The Dry Bones Come Together
The Jewish people illustrate their collective return to Israel when they celebrate the Passover feast each year. The Torah commands Jewish people around the world to gather their families on the 14th day of the first month (Leviticus 23:5, 7). When the Seder concludes, they cry out, “Next year in Jerusalem!” This statement is a biblically based hope that one day all the Jewish people—no matter where they have been scattered—will celebrate the feast in their homeland, Israel.
The most familiar biblical passage regarding the hope of a reconstituted Israel is Ezekiel 37. God gave the prophet Ezekiel a vision of dry, scattered bones and asked him, “Can these bones live?” (v. 3). The answer normally would be no, but in this case, Ezekiel knew the Person asking the question, and he responded accordingly, “O Lord Gᴏᴅ, You know” (v. 3). God asked Ezekiel this question at a time when the Jewish people were exiled in Babylon. Like the dry, scattered bones, these captives had no reason to hope of ever regaining nationhood. Yet in verse 7, the bones (the whole house of Israel, v. 11) started to rattle and make noise as they came together.
That process has taken shape throughout modern Jewish history. The rattling began in 1897 when Theodore Herzl, a journalist from Vienna, led the first Zionist Congress to discuss the necessity of a Jewish homeland. It seemed like a dream. But it was no dream. Although the dry bones coming together seemed impossible, hundreds of thousands of Jewish people made aliyah (returned) to their land over the next 51 years. That land, largely deprived of its people for nearly 2,000 years, was finally seeing them come home.

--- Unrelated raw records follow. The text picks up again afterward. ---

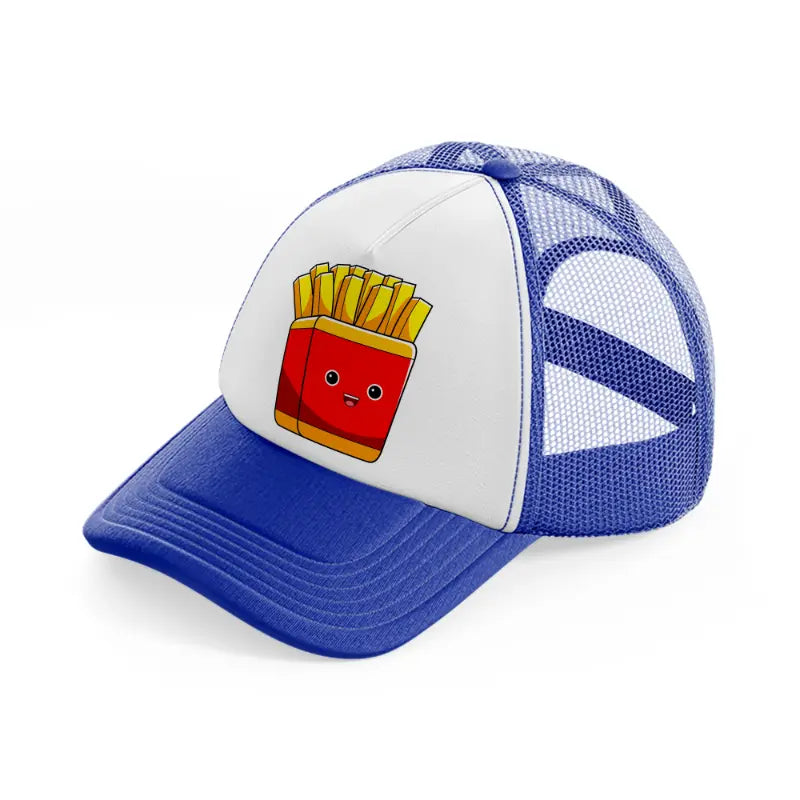 french fries-blue-and-white-trucker-hat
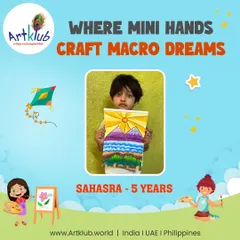 Sahasra, age 5, crafts a dreamy mountain landscape, showing how mini hands can create macro dreams.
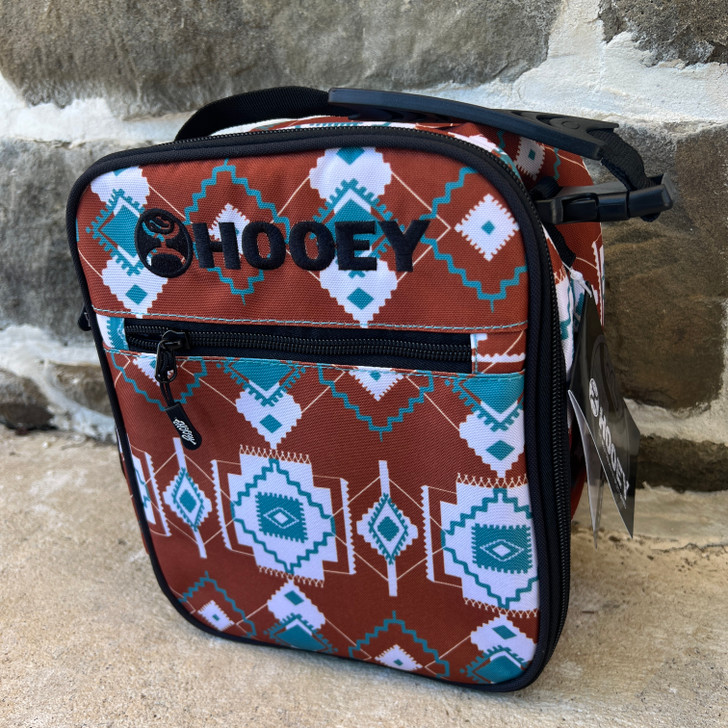 Hooey Rust And Teal Aztec Lunch Box HLB2601-RUAZ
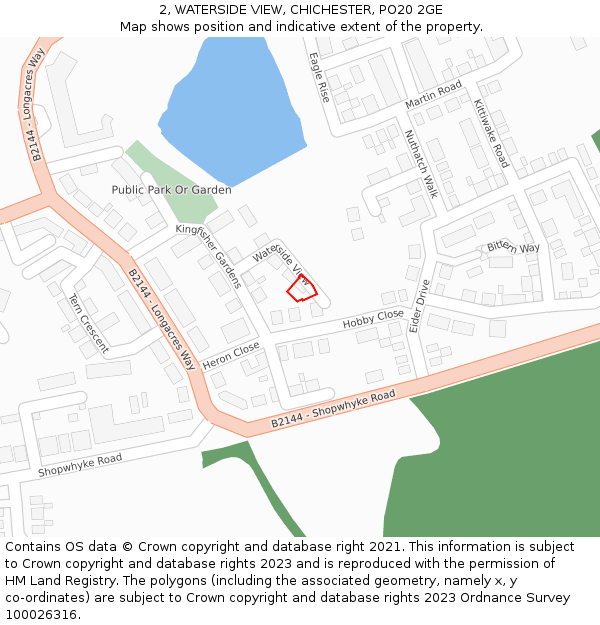 2, WATERSIDE VIEW, CHICHESTER, PO20 2GE: Location map and indicative extent of plot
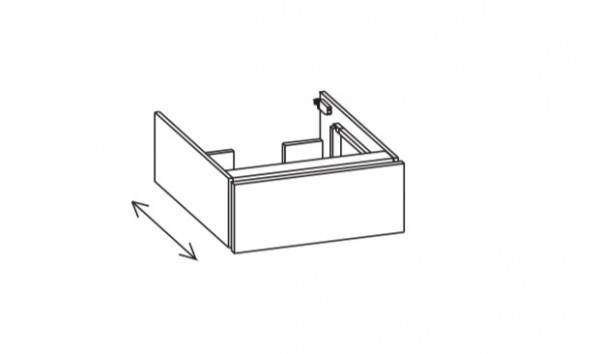 Artiqua 113 Waschtischunterschrank variabel inkl. Konsolenfunktion, Castello Eiche quer NB, 113-WVL-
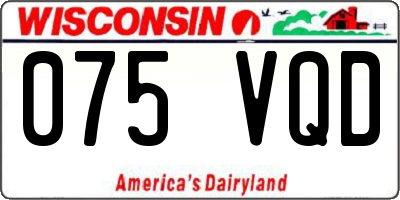 WI license plate 075VQD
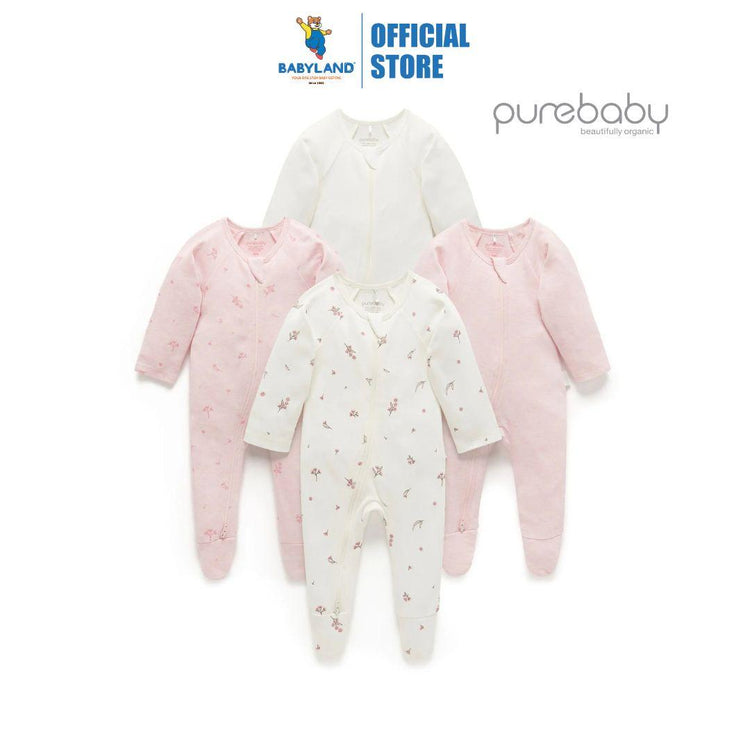 Purebaby Organic Vanilla Blossom Print 4 pack Sleepsuit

Since then, Israel has survived four major wars: the 1948 War of Independence; the 1967 Six-Day War; the 1973 Yom Kippur War; and the current war with Hamas, the Houthis, Hezbollah, and Iran. It lived through two intifadas: 1987–1993 and 2000–2005. Yet here it stands in fulfillment of biblical prophecy, reconstituted, but with no breath in it (Ezekiel 37:8). American author Mark Twain said it best: “All things are mortal but the Jew; all other forces pass, but he remains. What is the secret of his immortality?”